Since the very beginning of the Data Center Light project our servers have been somewhat stateless and booted from their operating system from the network.
From today on this changes and our servers are switched to boot from an disk (SSD/NVMe/HDD). While this first seems counter intuitive with growing a data center, let us explain why this makes sense for us.
Netboot in a nutshell
There are different variants of how to netboot a server. In either case, the server loads an executable from the network, typically via TFTP or HTTP and then hands over execution to it.
The first option is to load the kernel and then later switch to an NFS based filesystem. If the filesystem is read write, you usually need one location per server or you mount it read only and possibly apply an overlay for runtime configuration.
The second option is to load the kernel and an initramfs into memory and stay inside the initramfs. The advantage of this approach is that no NFS server is needed, but the whole operating system is inside the memory.
The second option is what we used in Data Center Light for the last couple of years.
Netboot history at Data Center Light
Originally all our servers started with IPv4 PXE based netboot. However as our data center is generally speaking IPv6 only, the IPv4 DHCP+TFTP combination is an extra maintenance and also a hindrance for network debugging: if you are in a single stack IPv6 only network, things are much easier to debug. No need to look for two routing tables, no need to work around DHCP settings that might interfere with what one wants to achieve via IPv6.

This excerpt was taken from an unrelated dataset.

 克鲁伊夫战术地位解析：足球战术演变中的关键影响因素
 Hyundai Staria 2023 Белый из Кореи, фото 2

As the IPv4 addresses became more of a technical debt in our infrastructure, we started flashing our network cards with ipxe, which allows even older network cards to boot in IPv6 only networks.
Also in an IPv6 only netboot environment, it is easier to run active-active routers, as hosts are not assigned DHCP leases. They assign addresses themselves, which scales much nicer.

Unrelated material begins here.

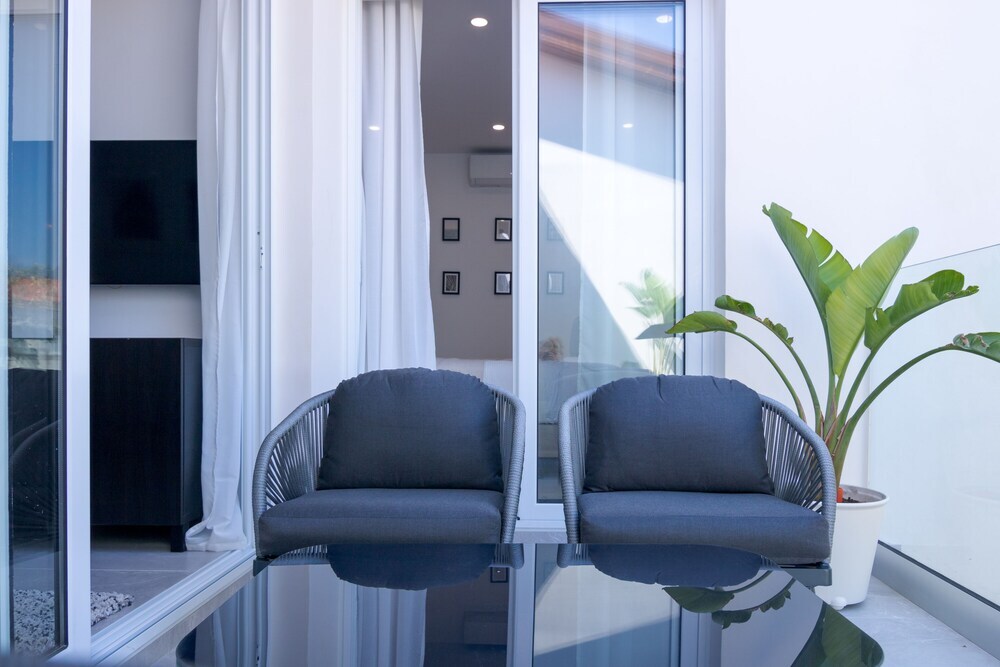 Phaedrus Living: Limnaria Luxury Flat Vine 121 — фото 5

Migrating away from netbooting
So why are we migrating away from netbooting, even after we migrated to IPv6 only networking? There are multiple aspects:
On power failure, netbooted hosts lose their state. The operating system that is loaded is the same for every server and needs some configuration post-boot. We have solved this using cdist, however the authentication-trigger mechanism is non-trivial, if you want to keep your netboot images and build steps public.

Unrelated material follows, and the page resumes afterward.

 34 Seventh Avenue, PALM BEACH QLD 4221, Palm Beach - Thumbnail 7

The second reason is state synchronisation: as we are having multiple boot servers, we need to maintain the same state on multiple machines. That is solvable via CI/CD pipelines, however the level of automation on build servers is rather low, because the amount of OS changes are low.
The third and main point is our ongoing migration towards kubernetes. Originally our servers would boot up, get configured for providing ceph storage or to be a virtualisation host. The amount of binaries to keep in our in-memory image was tiny, in the best case around 150MB. With the migration towards kubernetes, every node is downloading the containers, which can be comparable huge (gigabytes of data). The additional pivot_root workarounds that are required for initramfs usage are just an additional minor point that made us question our current setup.
Automating disk based boot
We have servers from a variety of brands and each of them comes with a variety of disk controllers: from simple pass-through SATA controllers to full fledged hardware raid with onboard cache and battery for protecting the cache - everything is in the mix.
So it is not easily possible to generate a stack of disks somewhere and then add them, as the disk controller might add some (RAID0) meta data to it.
To work around this problem, we insert the disk that is becoming the boot disk in the future into the netbooted servers, install the operating system from the running environment and at the next maintenance window ensure that the server is actually booting from it.
The road continues
While a data center needs to be stable, it also needs to adapt to newer technologies or different flows. The disk based boot is our current solution for our path towards kubernetes migration, but who knows - in the future things might look different again.
If you want to join the discussion, we have a Hacking and Learning (#hacking-and-learning:ungleich.ch) channel on Matrix for an open exchange.
Oh and in case you were wondering what we did today, we switched to disk based booting - that case is full of SSDs, not 1'000 CHF banknotes.